*** Provided records

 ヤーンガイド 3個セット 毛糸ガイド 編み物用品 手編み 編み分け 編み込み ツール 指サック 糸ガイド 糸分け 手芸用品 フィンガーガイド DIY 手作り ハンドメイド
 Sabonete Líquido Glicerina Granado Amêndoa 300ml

******
*** Provided records

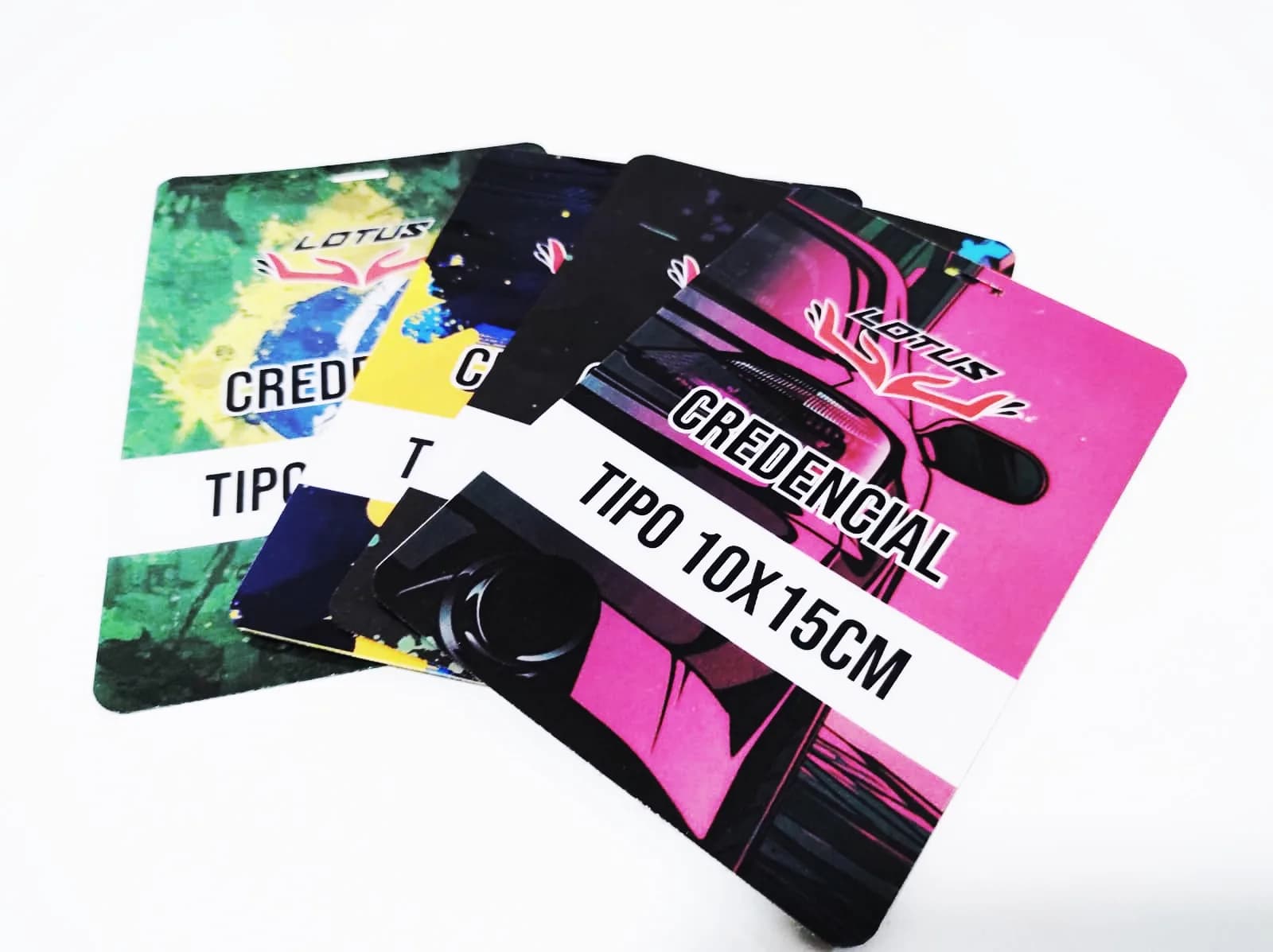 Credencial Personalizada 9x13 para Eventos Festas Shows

******
*** Provided records

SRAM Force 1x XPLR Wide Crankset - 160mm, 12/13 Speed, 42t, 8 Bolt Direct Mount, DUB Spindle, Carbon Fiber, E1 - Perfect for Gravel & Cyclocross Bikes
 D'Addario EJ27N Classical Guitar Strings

******

In the data above, which lines lie between the line with "ヤーンガイド 3個セット 毛糸ガイド" and the line with "Sabonete Líquido Glicerina", inclusive? Print those lines exactly and nothing else.

Solution for this task
 ヤーンガイド 3個セット 毛糸ガイド 編み物用品 手編み 編み分け 編み込み ツール 指サック 糸ガイド 糸分け 手芸用品 フィンガーガイド DIY 手作り ハンドメイド
 Sabonete Líquido Glicerina Granado Amêndoa 300ml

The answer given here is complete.